◆ **Requirement**
Write out, word for word and with no pictures, each line below from the one containing "LAND CRUISER LC70" through the one containing "Skoda Enyaq 80 Sportline", both included, and no other line.

◆ **Dataset records**

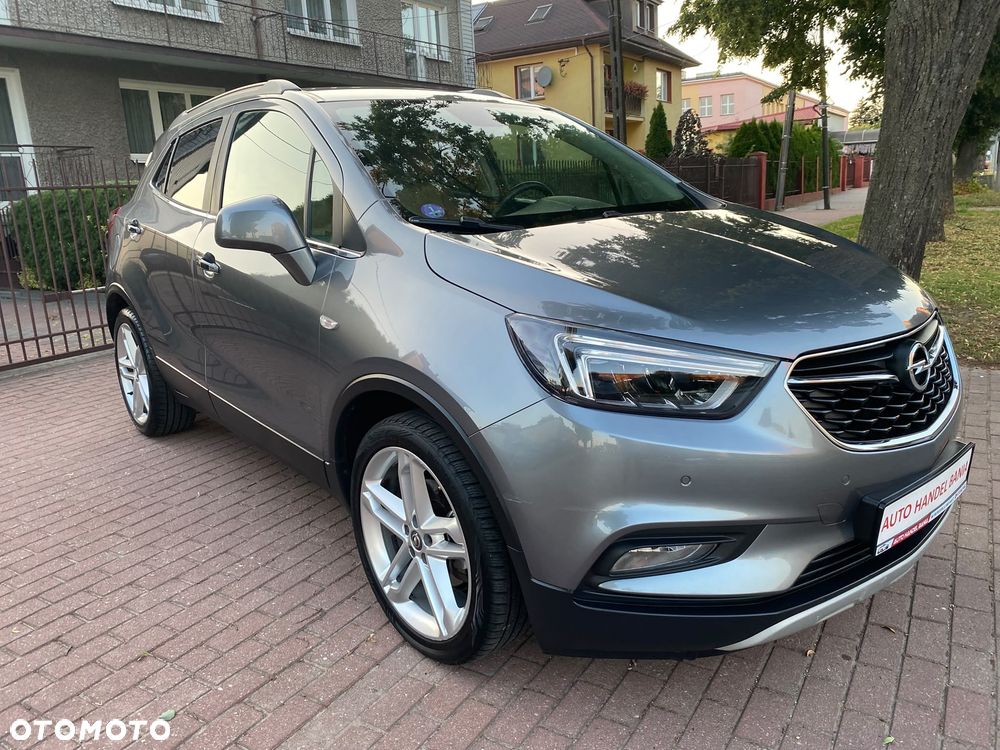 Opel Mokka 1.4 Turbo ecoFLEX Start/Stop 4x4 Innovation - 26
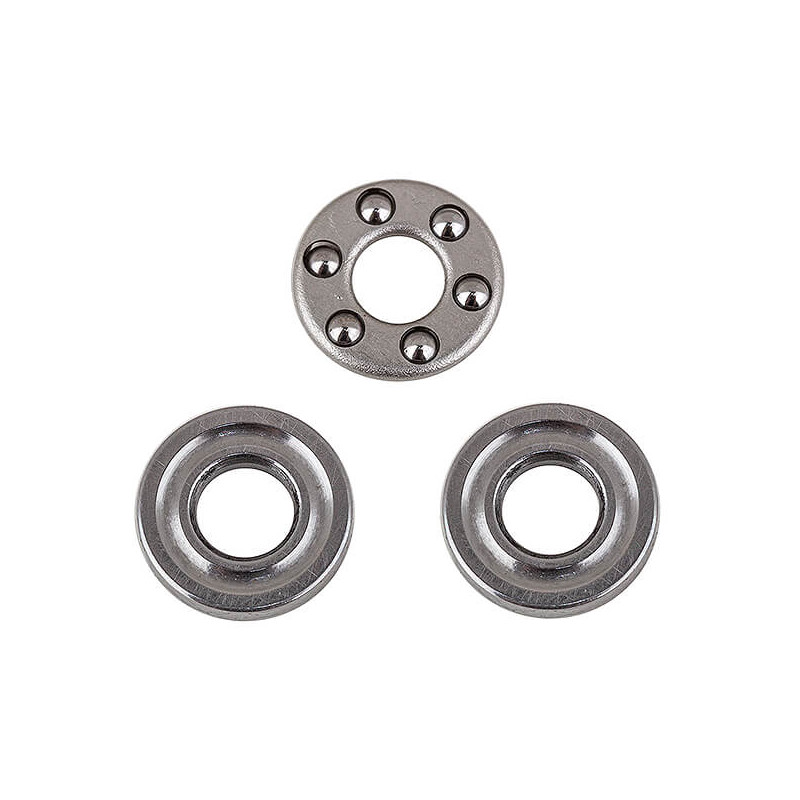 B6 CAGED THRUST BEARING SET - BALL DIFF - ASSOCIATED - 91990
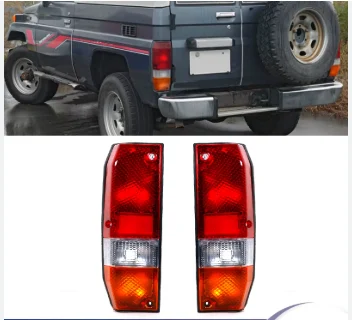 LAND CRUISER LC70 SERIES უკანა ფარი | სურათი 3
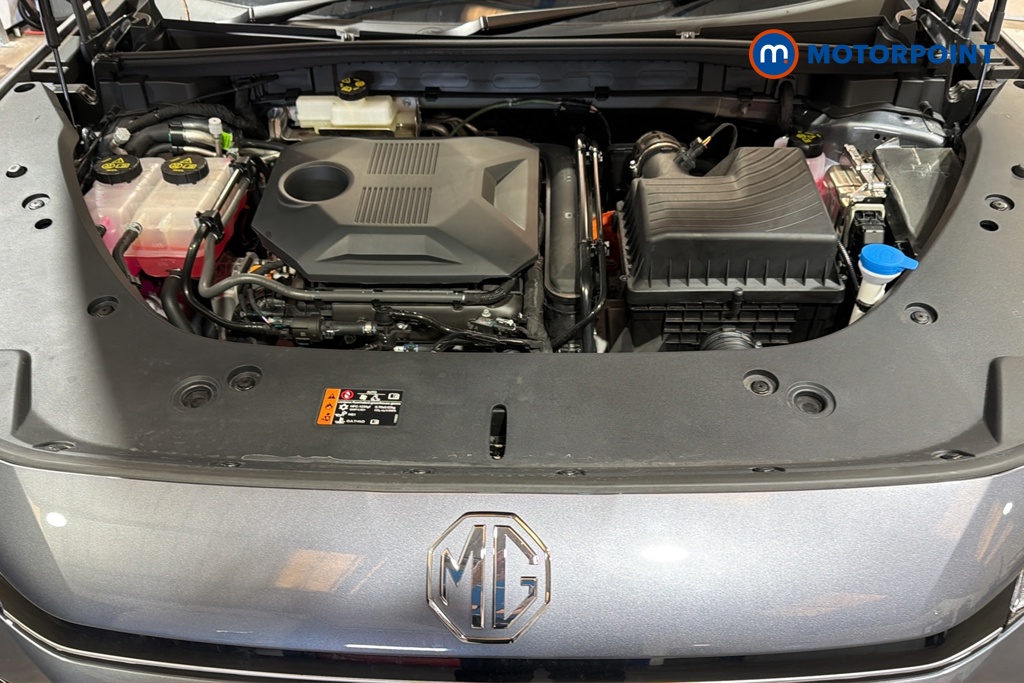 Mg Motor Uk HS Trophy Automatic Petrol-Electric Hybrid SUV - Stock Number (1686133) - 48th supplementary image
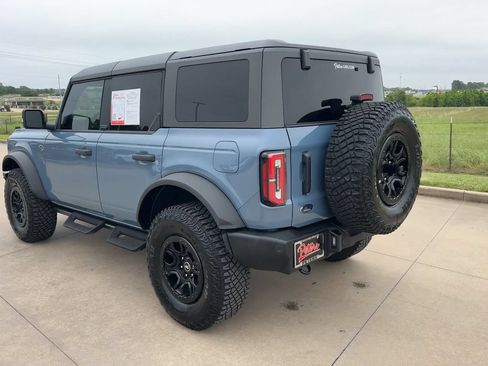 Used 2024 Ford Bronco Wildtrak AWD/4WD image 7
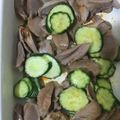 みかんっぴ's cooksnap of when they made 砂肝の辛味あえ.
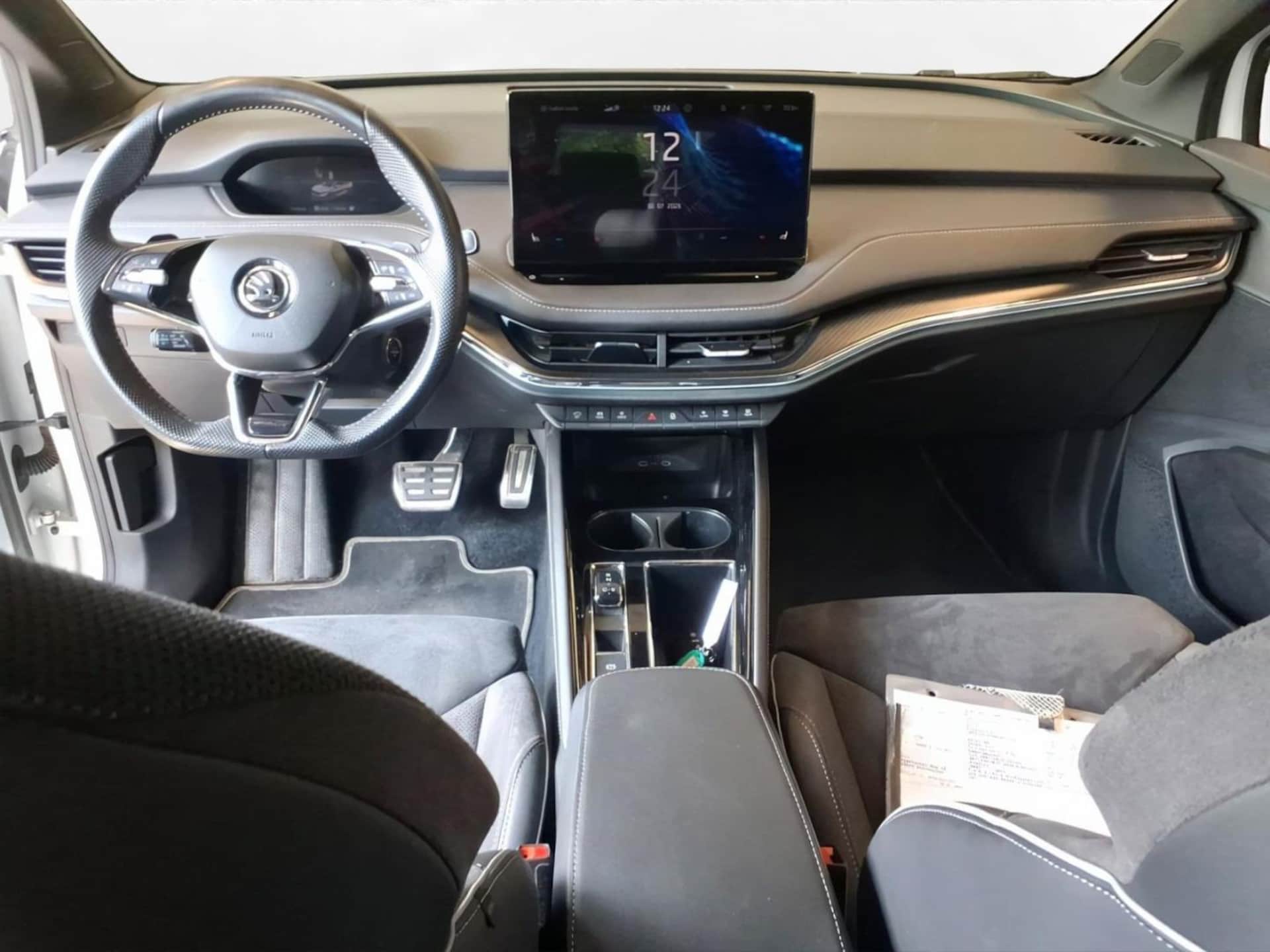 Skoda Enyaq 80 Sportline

---

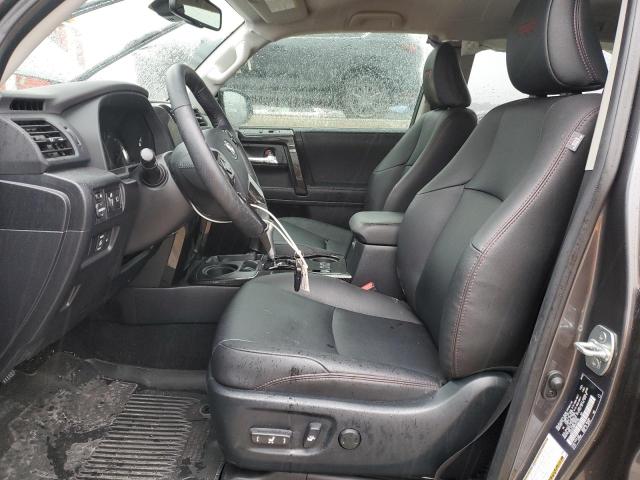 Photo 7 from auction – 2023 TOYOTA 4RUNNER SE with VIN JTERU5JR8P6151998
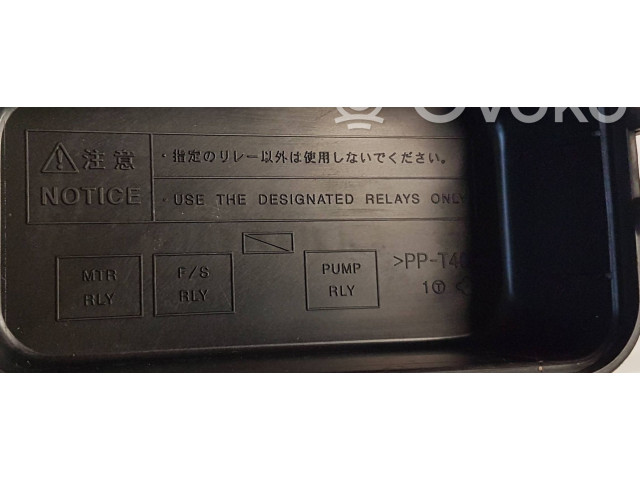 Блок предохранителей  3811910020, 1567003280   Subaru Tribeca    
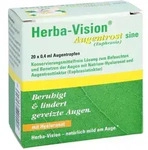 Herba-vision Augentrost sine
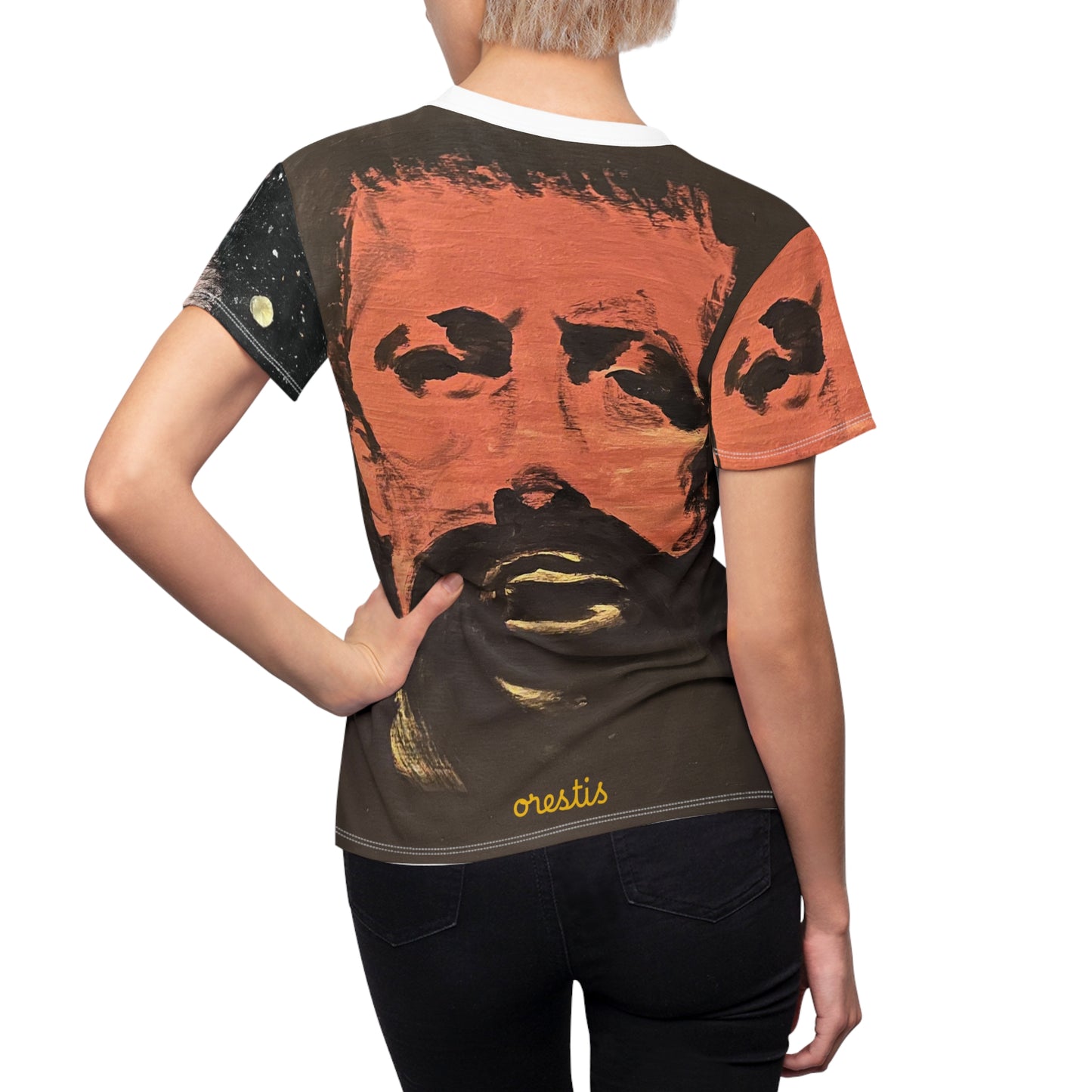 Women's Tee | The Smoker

--

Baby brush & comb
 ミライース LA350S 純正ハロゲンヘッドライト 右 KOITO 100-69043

◆ **Written response**
 LAND CRUISER LC70 SERIES უკანა ფარი | სურათი 3
 Mg Motor Uk HS Trophy Automatic Petrol-Electric Hybrid SUV - Stock Number (1686133) - 48th supplementary image
 Used 2024 Ford Bronco Wildtrak AWD/4WD image 7
 みかんっぴ's cooksnap of when they made 砂肝の辛味あえ.
 Skoda Enyaq 80 Sportline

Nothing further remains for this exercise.